Thanks for any help.


----------



## BNUMM (Dec 24, 2006)

Try changing positions on the DPP44 first.


----------



## TBoneit (Jul 27, 2006)

I'm guessing that you mean the feed into the 721 from the switch? When you asked that it reminded me that the 721 is the DVR that has the power inserter behind it for the switch. Now that starts me wondering if that could be the problem? Other option I do have a currently unused feed from the dish that once I pick up some RG6 I could run up to the 721 from the basement.
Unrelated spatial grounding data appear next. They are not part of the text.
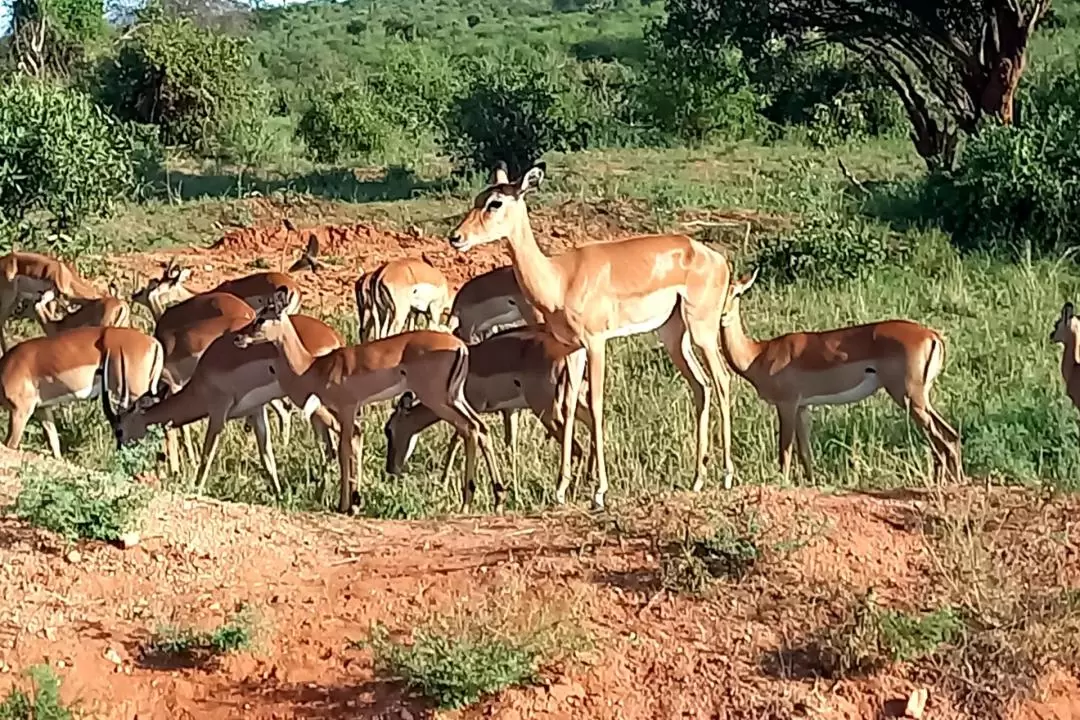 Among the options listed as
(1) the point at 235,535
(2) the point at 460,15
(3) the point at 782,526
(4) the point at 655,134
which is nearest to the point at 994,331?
(3) the point at 782,526

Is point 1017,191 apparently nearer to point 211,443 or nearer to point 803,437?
point 803,437

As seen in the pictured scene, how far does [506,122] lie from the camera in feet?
78.1

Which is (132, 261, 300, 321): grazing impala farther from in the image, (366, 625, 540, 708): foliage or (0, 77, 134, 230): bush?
(366, 625, 540, 708): foliage

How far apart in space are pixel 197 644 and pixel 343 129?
20684 millimetres

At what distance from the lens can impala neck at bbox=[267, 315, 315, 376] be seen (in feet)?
30.7

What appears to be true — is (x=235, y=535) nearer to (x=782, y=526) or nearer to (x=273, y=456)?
(x=782, y=526)

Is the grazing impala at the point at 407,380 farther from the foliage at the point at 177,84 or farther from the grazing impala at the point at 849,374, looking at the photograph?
the foliage at the point at 177,84

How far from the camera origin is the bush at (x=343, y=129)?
84.1ft

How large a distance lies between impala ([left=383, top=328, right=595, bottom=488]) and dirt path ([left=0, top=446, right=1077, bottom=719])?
8.67 ft

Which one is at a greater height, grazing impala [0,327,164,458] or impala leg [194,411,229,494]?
grazing impala [0,327,164,458]

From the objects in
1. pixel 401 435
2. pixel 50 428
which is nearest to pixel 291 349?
pixel 401 435

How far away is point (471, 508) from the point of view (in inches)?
339

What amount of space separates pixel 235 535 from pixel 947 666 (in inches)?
114

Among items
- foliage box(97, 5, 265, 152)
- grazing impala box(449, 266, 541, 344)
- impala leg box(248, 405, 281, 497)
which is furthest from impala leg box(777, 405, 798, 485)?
foliage box(97, 5, 265, 152) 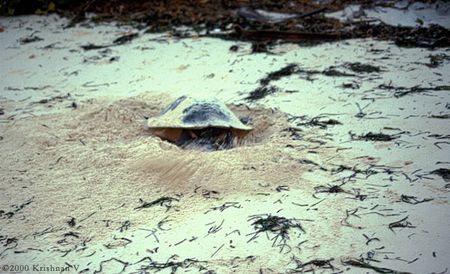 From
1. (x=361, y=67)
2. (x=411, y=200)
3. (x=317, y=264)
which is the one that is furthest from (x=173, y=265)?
(x=361, y=67)

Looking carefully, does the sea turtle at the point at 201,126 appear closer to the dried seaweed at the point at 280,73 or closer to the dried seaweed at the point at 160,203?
the dried seaweed at the point at 160,203

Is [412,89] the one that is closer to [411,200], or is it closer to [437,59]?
[437,59]

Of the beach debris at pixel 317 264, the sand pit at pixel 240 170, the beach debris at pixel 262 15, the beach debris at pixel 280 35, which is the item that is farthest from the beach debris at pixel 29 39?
the beach debris at pixel 317 264

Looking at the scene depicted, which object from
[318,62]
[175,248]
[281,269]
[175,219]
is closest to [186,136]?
[175,219]

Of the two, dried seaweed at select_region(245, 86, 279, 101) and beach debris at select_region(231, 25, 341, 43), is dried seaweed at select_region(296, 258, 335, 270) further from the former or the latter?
beach debris at select_region(231, 25, 341, 43)

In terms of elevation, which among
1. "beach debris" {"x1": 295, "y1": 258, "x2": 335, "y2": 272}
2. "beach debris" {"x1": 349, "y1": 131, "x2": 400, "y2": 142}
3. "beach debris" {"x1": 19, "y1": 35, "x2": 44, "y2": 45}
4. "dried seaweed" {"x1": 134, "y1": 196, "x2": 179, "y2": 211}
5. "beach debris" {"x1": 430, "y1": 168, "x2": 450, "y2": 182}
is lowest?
"beach debris" {"x1": 295, "y1": 258, "x2": 335, "y2": 272}

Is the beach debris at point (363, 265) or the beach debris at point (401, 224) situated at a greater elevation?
the beach debris at point (401, 224)

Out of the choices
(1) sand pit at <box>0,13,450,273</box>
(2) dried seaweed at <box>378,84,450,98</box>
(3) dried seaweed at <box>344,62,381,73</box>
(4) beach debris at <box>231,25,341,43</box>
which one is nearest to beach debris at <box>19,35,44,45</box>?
(1) sand pit at <box>0,13,450,273</box>

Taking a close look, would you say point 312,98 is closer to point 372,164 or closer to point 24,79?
point 372,164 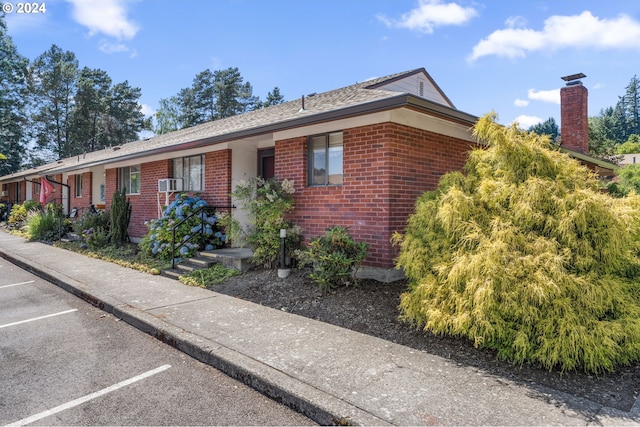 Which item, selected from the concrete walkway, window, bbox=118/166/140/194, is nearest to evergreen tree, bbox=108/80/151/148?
window, bbox=118/166/140/194

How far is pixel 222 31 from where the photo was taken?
32.0 feet

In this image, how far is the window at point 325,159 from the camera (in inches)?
270

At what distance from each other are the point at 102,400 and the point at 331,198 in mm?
4603

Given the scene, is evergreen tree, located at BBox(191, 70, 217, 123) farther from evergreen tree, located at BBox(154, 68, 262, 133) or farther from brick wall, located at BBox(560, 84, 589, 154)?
brick wall, located at BBox(560, 84, 589, 154)

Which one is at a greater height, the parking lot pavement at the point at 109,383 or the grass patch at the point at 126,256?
the grass patch at the point at 126,256

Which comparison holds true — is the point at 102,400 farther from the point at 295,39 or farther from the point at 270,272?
the point at 295,39

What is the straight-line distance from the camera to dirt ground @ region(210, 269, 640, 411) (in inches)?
120

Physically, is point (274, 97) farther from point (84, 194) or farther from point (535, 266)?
point (535, 266)

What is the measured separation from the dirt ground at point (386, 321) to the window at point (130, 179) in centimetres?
751

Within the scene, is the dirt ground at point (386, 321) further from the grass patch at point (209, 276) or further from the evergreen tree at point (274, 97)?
the evergreen tree at point (274, 97)

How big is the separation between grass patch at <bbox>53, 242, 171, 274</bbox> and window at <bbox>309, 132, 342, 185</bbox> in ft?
12.7

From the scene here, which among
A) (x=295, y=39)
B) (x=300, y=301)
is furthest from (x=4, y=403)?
(x=295, y=39)

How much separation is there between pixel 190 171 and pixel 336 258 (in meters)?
6.56

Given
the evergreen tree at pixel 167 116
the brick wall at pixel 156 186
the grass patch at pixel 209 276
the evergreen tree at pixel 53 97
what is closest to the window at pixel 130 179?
the brick wall at pixel 156 186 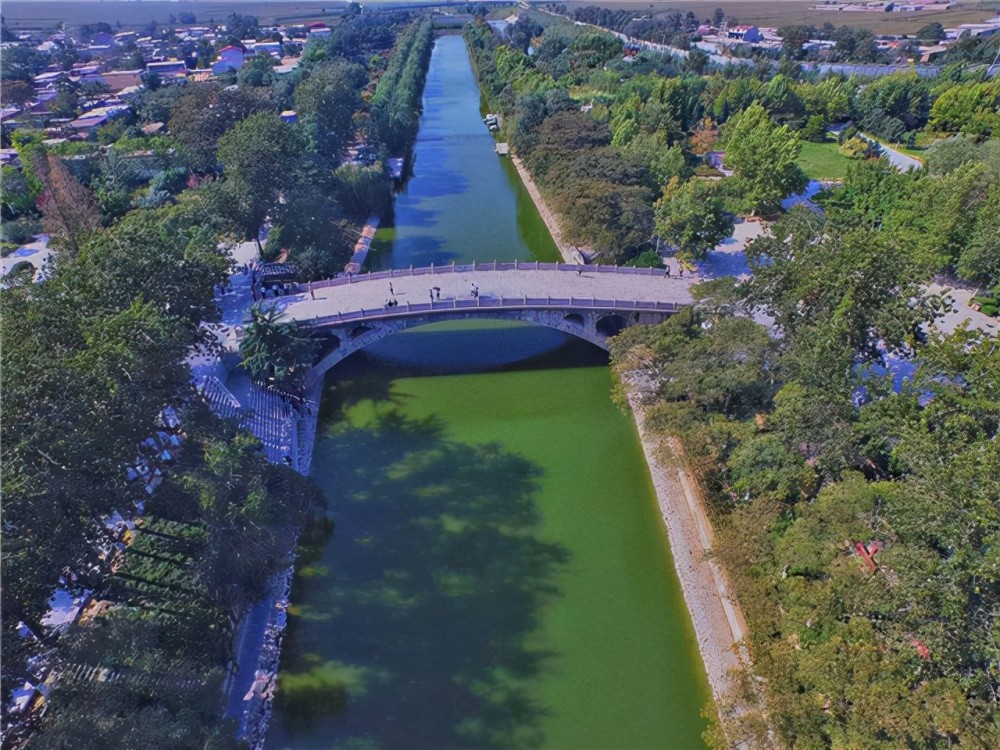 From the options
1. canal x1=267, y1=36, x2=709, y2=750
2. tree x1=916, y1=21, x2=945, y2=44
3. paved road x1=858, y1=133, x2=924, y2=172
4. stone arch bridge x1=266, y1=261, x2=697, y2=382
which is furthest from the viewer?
tree x1=916, y1=21, x2=945, y2=44

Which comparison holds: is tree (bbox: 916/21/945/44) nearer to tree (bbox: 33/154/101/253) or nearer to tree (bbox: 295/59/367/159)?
tree (bbox: 295/59/367/159)

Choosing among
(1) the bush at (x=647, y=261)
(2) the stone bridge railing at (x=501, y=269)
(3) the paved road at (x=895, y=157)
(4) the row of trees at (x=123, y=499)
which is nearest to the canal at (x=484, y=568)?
(2) the stone bridge railing at (x=501, y=269)

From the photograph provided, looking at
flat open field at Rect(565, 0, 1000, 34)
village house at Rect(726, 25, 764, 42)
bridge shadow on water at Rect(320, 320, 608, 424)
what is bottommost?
bridge shadow on water at Rect(320, 320, 608, 424)

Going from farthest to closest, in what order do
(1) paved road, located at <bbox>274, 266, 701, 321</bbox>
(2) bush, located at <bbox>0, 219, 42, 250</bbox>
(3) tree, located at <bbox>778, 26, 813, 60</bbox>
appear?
(3) tree, located at <bbox>778, 26, 813, 60</bbox>, (2) bush, located at <bbox>0, 219, 42, 250</bbox>, (1) paved road, located at <bbox>274, 266, 701, 321</bbox>

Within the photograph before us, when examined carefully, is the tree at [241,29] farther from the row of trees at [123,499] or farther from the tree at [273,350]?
the row of trees at [123,499]

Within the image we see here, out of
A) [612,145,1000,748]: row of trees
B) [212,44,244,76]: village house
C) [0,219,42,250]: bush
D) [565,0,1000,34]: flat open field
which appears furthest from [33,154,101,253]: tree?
[565,0,1000,34]: flat open field

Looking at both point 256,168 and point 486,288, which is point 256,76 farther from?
point 486,288

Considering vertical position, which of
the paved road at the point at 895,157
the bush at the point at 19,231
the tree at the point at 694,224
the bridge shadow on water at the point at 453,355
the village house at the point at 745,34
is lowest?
the bridge shadow on water at the point at 453,355

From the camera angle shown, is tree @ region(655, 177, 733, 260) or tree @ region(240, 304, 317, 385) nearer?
tree @ region(240, 304, 317, 385) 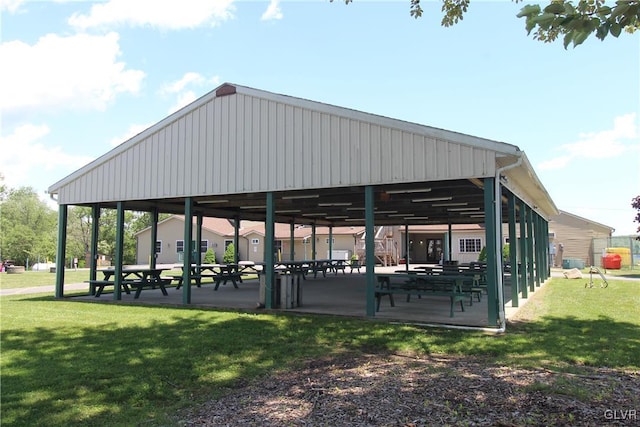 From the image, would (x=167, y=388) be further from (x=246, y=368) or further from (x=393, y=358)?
(x=393, y=358)

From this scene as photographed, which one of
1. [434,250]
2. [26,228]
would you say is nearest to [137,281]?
[434,250]

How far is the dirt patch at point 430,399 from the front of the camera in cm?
343

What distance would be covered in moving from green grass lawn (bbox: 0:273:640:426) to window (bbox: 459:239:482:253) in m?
23.3

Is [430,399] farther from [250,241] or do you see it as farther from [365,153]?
[250,241]

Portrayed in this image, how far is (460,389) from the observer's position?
13.4ft

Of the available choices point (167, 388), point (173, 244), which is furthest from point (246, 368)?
point (173, 244)

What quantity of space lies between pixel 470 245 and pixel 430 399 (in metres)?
30.8

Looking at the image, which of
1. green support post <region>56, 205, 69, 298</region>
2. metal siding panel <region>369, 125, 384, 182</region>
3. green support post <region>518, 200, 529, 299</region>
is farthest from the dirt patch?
green support post <region>56, 205, 69, 298</region>

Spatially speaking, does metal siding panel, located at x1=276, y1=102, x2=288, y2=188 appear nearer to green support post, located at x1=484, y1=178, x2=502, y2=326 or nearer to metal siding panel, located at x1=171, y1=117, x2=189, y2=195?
metal siding panel, located at x1=171, y1=117, x2=189, y2=195

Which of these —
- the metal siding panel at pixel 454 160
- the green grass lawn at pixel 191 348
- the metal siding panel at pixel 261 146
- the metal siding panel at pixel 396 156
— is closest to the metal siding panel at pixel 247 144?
the metal siding panel at pixel 261 146

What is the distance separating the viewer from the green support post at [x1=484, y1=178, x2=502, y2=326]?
7297 millimetres

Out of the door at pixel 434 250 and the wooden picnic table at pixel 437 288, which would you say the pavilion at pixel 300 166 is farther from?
the door at pixel 434 250

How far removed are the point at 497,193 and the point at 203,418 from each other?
5763 millimetres

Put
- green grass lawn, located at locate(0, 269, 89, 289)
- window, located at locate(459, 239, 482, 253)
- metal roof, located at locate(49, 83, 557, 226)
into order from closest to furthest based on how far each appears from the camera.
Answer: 1. metal roof, located at locate(49, 83, 557, 226)
2. green grass lawn, located at locate(0, 269, 89, 289)
3. window, located at locate(459, 239, 482, 253) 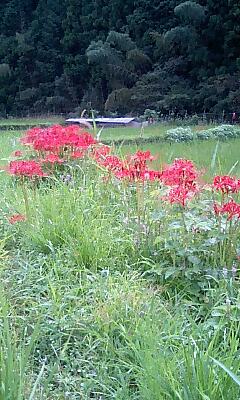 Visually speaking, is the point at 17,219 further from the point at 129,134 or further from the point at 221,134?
the point at 129,134

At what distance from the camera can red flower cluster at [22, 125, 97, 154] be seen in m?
3.20

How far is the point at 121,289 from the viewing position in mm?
1855

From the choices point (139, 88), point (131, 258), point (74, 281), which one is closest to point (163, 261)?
point (131, 258)

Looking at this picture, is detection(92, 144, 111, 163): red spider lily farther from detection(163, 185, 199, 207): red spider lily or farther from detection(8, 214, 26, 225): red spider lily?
detection(163, 185, 199, 207): red spider lily

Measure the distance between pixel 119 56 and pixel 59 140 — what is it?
503 inches

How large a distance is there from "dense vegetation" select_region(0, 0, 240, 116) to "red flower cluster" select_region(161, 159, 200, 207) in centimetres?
1189

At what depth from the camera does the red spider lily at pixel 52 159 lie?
321cm

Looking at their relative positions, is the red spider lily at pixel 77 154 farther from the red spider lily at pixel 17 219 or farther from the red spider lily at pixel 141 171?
the red spider lily at pixel 141 171

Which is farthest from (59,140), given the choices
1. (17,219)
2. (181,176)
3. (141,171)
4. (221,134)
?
(221,134)

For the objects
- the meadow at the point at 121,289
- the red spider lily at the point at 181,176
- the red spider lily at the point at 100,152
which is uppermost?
the red spider lily at the point at 181,176

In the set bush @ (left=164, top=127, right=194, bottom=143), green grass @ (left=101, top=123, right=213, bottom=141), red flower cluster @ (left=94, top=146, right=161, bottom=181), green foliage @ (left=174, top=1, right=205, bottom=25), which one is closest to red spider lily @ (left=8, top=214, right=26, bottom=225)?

Be a nit of a chore, Pull suspended ceiling, get brother over to help etc.

If you are meaning at the dish side of the switch then thats out as I have a fear of heights. That being the main reason I keep the monthly warranty.

Cheers


----------



## klyon (Jan 25, 2003)

I have no idea if this helps or not, but not too long ago my 721 lost the lock on ESPN. The screen said it was looking for sat 61.5. I ran a switch check and since then it's been fine. Something to try if nothing else..


----------



## BNUMM (Dec 24, 2006)

TBoneit said:


> I'm guessing that you mean the feed into the 721 from the switch? When you asked that it reminded me that the 721 is the DVR that has the power inserter behind it for the switch. Now that starts me wondering if that could be the problem? Other option I do have a currently unused feed from the dish that once I pick up some RG6 I could run up to the 721 from the basement. Be a nit of a chore, Pull suspended ceiling, get brother over to help etc.
> 
> If you are meaning at the dish side of the switch then thats out as I have a fear of heights. That being the main reason I keep the monthly warranty.
> 
> Cheers


I meant the receiver side of the switch.


----------



## UGAChance (May 18, 2007)

Go into Signal Strength Screen and check signal on Even vs. Odd Transponders on 119... CH 214 is on 119, Trans 6. ESPN was on 119 Trans 4.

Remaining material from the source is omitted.